但也有獨具慧眼的人察覺到了這一點,裡面還包括了幾所學校,都與景曦簽訂了長期的合作供貨的協議。
在這一點上,景曦統統來者不拒。
送走這天的最後一位客人,徐子安收拾好收銀台,與穿好外套正在圍圍巾的青年一起出門。
從有暖氣的室內走到寒風凌冽的室外,隨著呼吸兩個人臉上噴出大團大團的白氣,徐子安把門拉下來鎖好,牽過青年往自己的停車位走去。
景曦看了看天色,感受到傳遞在指尖的溫度,說道:“快要下雪了吧。”
N市的冬天非常冷,室內和室外是兩個外差,所以一到冬天,很多人都不願意出門。花店的生意也因此而受到了一點影響。
“嗯,天氣預報也說就這幾天。”徐子安解開車鎖,護著青年讓他先上車,然後自己才繞到另一邊坐進來。
景曦“唔”了一聲,琢磨著要不要趁機把花店關一段時間。
他自己在冬天裡其實也是不怎麼想出門的那一類人。
徐子安忽然提議:“寶貝,我們去旅遊吧。”
“可以啊,你想去哪裡?”雖然覺得麻煩,但景曦還是答應的毫不猶豫。
“去溫泉之鄉吧。”徐子安完全沒思考直接脫口而出,“我想和你去泡溫泉。”
“……”一聽就知道這男人在打什麼主意。
泡溫泉只是餘興節目,露天場所啪啪啪才是這變態的主要追求。
景曦微微扶額:“去年不是去過了嗎?”
徐子安淡定地強調:“那是去年,可是今年還沒去過。”
他們倆每年都會抽出兩段時間出去玩兩次,夏秋時節每次去的地方都會不一樣,看到的風景也會各不相同;但冬天時必定會有的一個項目就是溫泉。
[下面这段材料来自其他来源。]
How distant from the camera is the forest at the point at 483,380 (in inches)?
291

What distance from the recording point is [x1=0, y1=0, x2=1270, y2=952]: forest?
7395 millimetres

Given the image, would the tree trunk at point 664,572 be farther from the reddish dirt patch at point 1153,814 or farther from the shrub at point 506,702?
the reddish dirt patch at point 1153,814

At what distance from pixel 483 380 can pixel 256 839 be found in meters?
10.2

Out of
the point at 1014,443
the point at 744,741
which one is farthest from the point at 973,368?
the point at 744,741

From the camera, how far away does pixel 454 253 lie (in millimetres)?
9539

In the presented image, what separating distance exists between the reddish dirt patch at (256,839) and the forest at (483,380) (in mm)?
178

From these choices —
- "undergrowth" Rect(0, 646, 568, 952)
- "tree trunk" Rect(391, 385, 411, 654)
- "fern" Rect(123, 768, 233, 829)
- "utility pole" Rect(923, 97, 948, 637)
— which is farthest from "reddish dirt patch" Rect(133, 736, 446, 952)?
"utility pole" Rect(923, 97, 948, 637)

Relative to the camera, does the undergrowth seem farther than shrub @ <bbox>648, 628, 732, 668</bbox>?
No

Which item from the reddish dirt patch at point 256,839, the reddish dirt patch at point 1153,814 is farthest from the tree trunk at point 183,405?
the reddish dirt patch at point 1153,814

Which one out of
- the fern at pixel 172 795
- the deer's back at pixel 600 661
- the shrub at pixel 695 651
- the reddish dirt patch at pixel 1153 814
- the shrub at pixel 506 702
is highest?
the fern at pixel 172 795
在哪裡啪啪啪不是啪啪啪,偏偏他對溫泉如此執著景曦也是無奈。
不過在這種與原則無關的事情上,景曦向來都會依著男人。
“知道了,你訂機票吧。”
徐子安一本正經地說:“這次我們嘗試一下在森林溫泉,我前幾天在一本旅遊景點介紹里看到了,覺得你應該會喜歡。”
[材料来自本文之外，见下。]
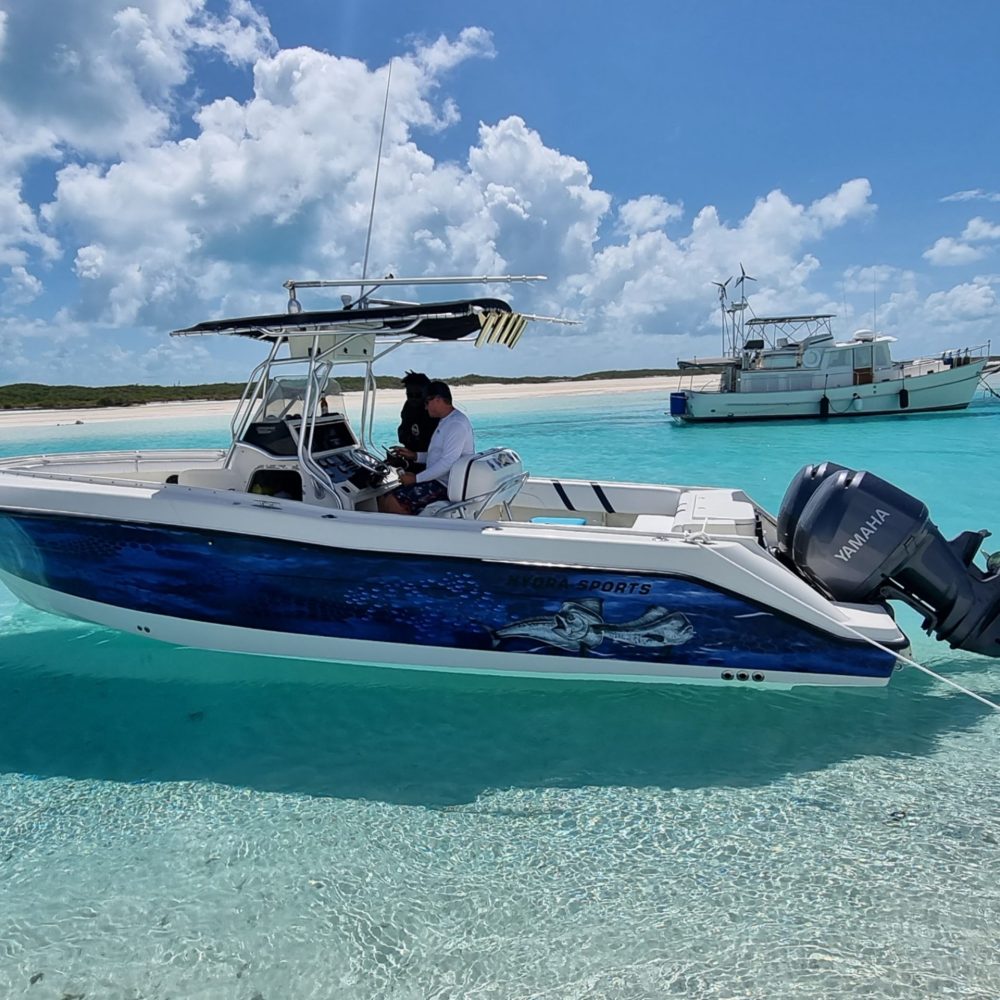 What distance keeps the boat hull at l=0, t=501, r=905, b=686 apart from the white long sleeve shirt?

景曦抽了抽嘴角,故意說道:“如果我說不喜歡呢,可以換地方嗎?”
“不換,明明你的身體一直都在說很喜歡。”徐子安眼角餘光意有所指地瞥了他一眼。
景曦語塞,媽蛋,這變態一言不合就開始飆黃腔!
黑色的車身吐出一抹尾氣,緩緩消失在蒼茫的夜色里。
—
在一切都步上正軌之後,景曦曾經回去了於即熹的老家一次,在二老面前進行了一次攤牌,聲明自己因為一些原因也許一輩子都不會結婚。
他沒有選擇直接出櫃,是因為不想去挑戰二老的觀念,讓他們對於即熹感到徹底的失望。
在這些勤勞耕作了一輩子的農民心裡,傳宗接代就是他們一輩子的追求,“同性戀”對他們而言完全就是另一個世界。
景曦不想打破他們心中的壁壘,所以選擇了說謊。
比起“於家最有出息的兒子和男人搞在一起了”這種說辭,他寧願讓這裡的人以為他是有什麼“難言之隱”才不想結婚。